Uma reflexão sobre a polémica que tem gerado acesas discussões nas redes sociais.
A bomba estourou nas redes sociais: Pedro Abrunhosa, conhecido portuense de gema, é agora o embaixador internacional do Cante Alentejano. Onde é que isto já se viu? Bem, viu-se em Londres, por exemplo. E eu estive lá.
Concedo que era, à partida, uma proposta inusitada — um concerto de Pedro Abrunhosa, autor de música urbana e nocturna, acompanhado por um Coro de Cante Alentejano, mais associado a paisagens soalheiras e bucólicas. Era uma combinação, no mínimo, curiosa; mas não é dessas misturas inesperadas que nasce a arte transgressiva? Pois bem, o concerto ia acontecer tão perto de mim, em Londres, na icónica Union Chapel, que nem pestanejei.
A minha história com a música de Pedro Abrunhosa é antiga, quase tanto como eu. Sou fã dele desde o “Viagens”, de 1994, álbum em fui viciado entre os oito e os nove anos de idade. A digressão de promoção ao disco parou em Castelo Branco, num espetáculo que incendiou a cidade (naquela altura não acontecia muita coisa por lá) e despertou o meu fascínio pela música tocada ao vivo. Vi o concerto todo em cima de um barril de cerveja ao fundo da sala e foi apenas o primeiro de centenas de concertos que já vi entretanto. Rever Abrunhosa em Londres era, pois, uma inevitabilidade.
O concerto na Union Chapel foi fenomenal — nada mais, nada menos.

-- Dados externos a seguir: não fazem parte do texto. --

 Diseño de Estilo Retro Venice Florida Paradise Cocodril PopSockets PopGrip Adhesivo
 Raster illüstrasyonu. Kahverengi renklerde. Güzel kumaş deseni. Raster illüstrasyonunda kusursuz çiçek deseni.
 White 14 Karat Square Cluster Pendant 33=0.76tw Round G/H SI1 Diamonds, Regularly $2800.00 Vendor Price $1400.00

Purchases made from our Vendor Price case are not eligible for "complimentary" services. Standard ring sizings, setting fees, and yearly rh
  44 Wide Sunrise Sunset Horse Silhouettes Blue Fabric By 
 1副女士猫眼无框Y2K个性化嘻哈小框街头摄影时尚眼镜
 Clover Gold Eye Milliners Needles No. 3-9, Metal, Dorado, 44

Num alinhamento que condensou a riquíssima discografia do Pedro Abrunhosa (podem ouvir o podcast), a música já falaria por si mesma, mas o acompanhamento do Cante Alentejano tornou a noite numa experiência visceral, quase religiosa (ou não fosse numa capela), que me voltou a ancorar emocionalmente nas minhas raízes e me puxou as lágrimas por diversas ocasiões. Destaco um solista mais novo, com os mesmos oito ou nove anos que eu tinha naquele concerto em Castelo Branco, e que subiu ao púlpito da capela para cantar "Para Os Braços Da Minha Mãe". Foi arrepiante. Para um português que vive no estrangeiro, ver aquela forma de cantar tão inexoravelmente portuguesa, ainda mais aliada às canções infalíveis do Pedro, é demais para o que a compostura londrina pode aguentar. As saudades de casa bateram à porta e as lágrimas saíram à rua.

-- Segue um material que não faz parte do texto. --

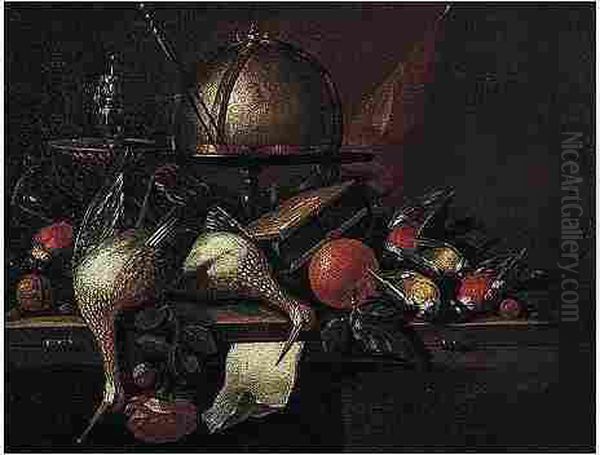 Still Life Of A Globe, A Candlestick, Birds, Hour Glass, Nuts, An Orange And A Rose, Arranged Upon A Wooden Table Top Oil Painting by Petrus Schotanus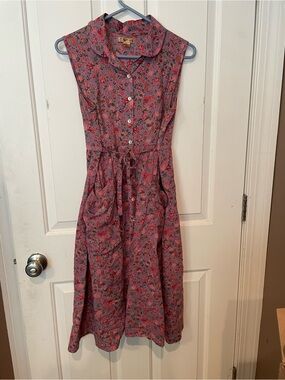 April Cornell 100% Cotton Sleeveless Midi Dress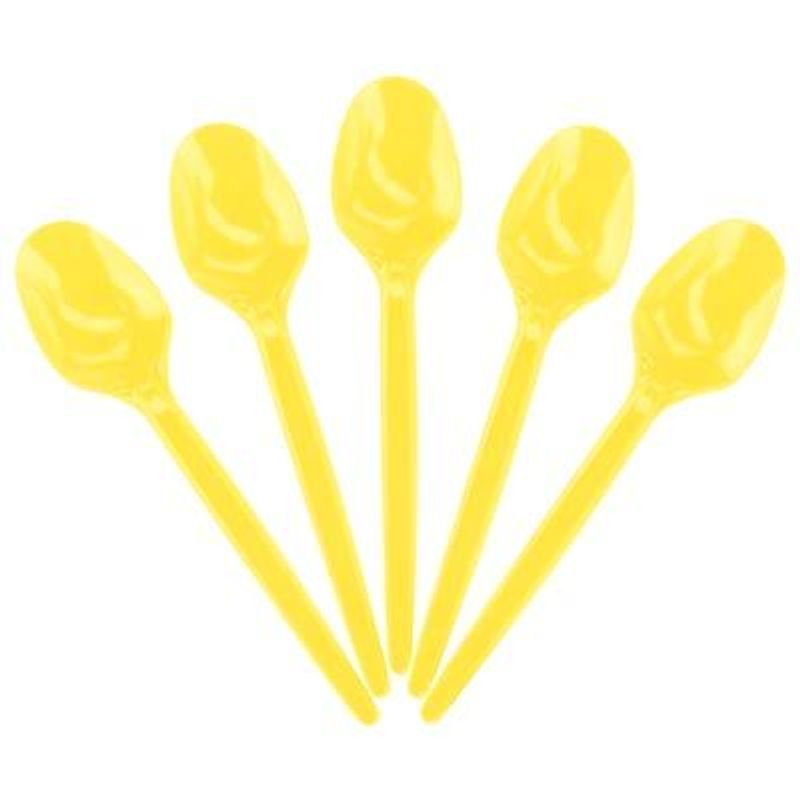 Colher Descartável para Sobremesa Amarelo - 50 Un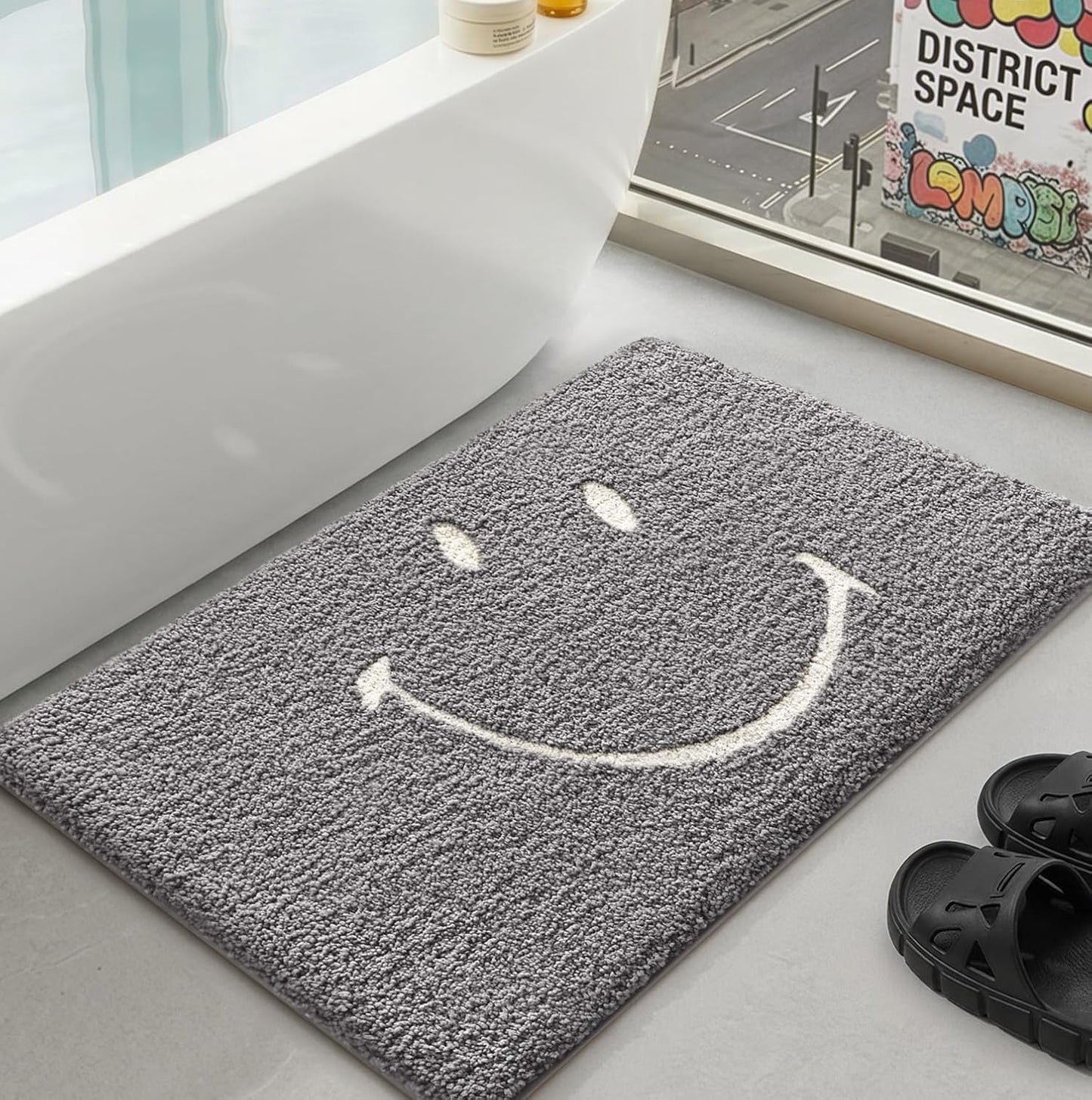 LUMI Grey Bathroom Rugs 20x32, Non Slip Absorbent Extra Thick Bath Mat, Soft Plush Microfiber Machine Washable Carpet for Bathroom Shower, Tub, Sink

Imagino que depois do sucesso retumbante desta mini digressão internacional, e particularmente deste concerto, o Pedro Abrunhosa tenha sentido a vontade de alargar o espectáculo a Portugal (há datas marcadas nos Coliseus de Lisboa e Porto) e para o resto do mundo. Normal. Isto faz dele um embaixador do Cante Alentejano? Talvez, mas somente de forma incidental, da mesma maneira que podemos dizer que Marisa é embaixadora do fado, Ronaldo é embaixador do futebol português, ou a cortiça é embaixadora da indústria nacional. Ninguém nomeou oficialmente nenhum dos anteriores, mas todos se destacaram nos respetivos campos e, como tal, se tornaram figuras de proa. Será esse o problema?

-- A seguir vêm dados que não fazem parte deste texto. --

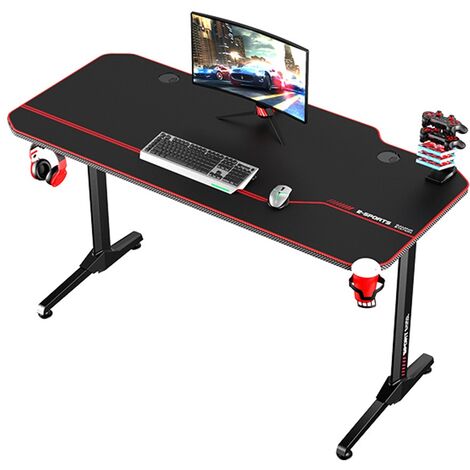 Gaming-Schreibtisch - Feste Höhe - 140 x 66 cm - Schwarz/Rot - Sehr funktional & erweiterbar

Expliquem-me, os críticos, qual é o problema em ver Pedro Abrunhosa levar um grupo de Cante Alentejano para atuar numa sala cheia em Tóquio, por exemplo? Qual é o medo? Que os japoneses não vejam um gajo de boina e bigode e como tal, fiquem com "a ideia errada" do que é um alentejano? Num país tão pequeno como o nosso, este tipo de clivagem Norte/Sul não faz sentido. Quem vive fora de Portugal rapidamente se apercebe do ridículo que é dividir um país com 10 milhões de habitantes, aproximadamente a população de uma cidade como Londres.
Os factos são estes. Pedro Abrunhosa é um músico, que tem um espetáculo onde projeta, e bem, o Cante Alentejano. Muito mais do que promover o Alentejo, o Pedro está a promover Portugal. O cantor não foi nomeado oficialmente como embaixador de coisa nenhuma, mas um misto de preguiça para pesquisar sobre o assunto e da habitual fome de sangue das hienas das redes sociais, levou a que os ataques a Abrunhosa se multiplicassem em poucas horas. Amo o nosso País, mas a clássica inveja tuga é aquilo de que sinto menos saudades. Hoje ataca Pedro Abrunhosa, amanhã será outro qualquer. É assim, e já o aceitamos como algo normal, parte da nossa cultura. A ideia hoje foi do Pedro, mas tenho a certeza que se amanhã o Janita Salomé quiser fazer algo parecido, e reunir as mesmas condições, não lhe vão dizer que não. Até lá, tentem refrear o ódio sobre quem tenta fazer alguma coisa pela parte virtuosa da nossa cultura.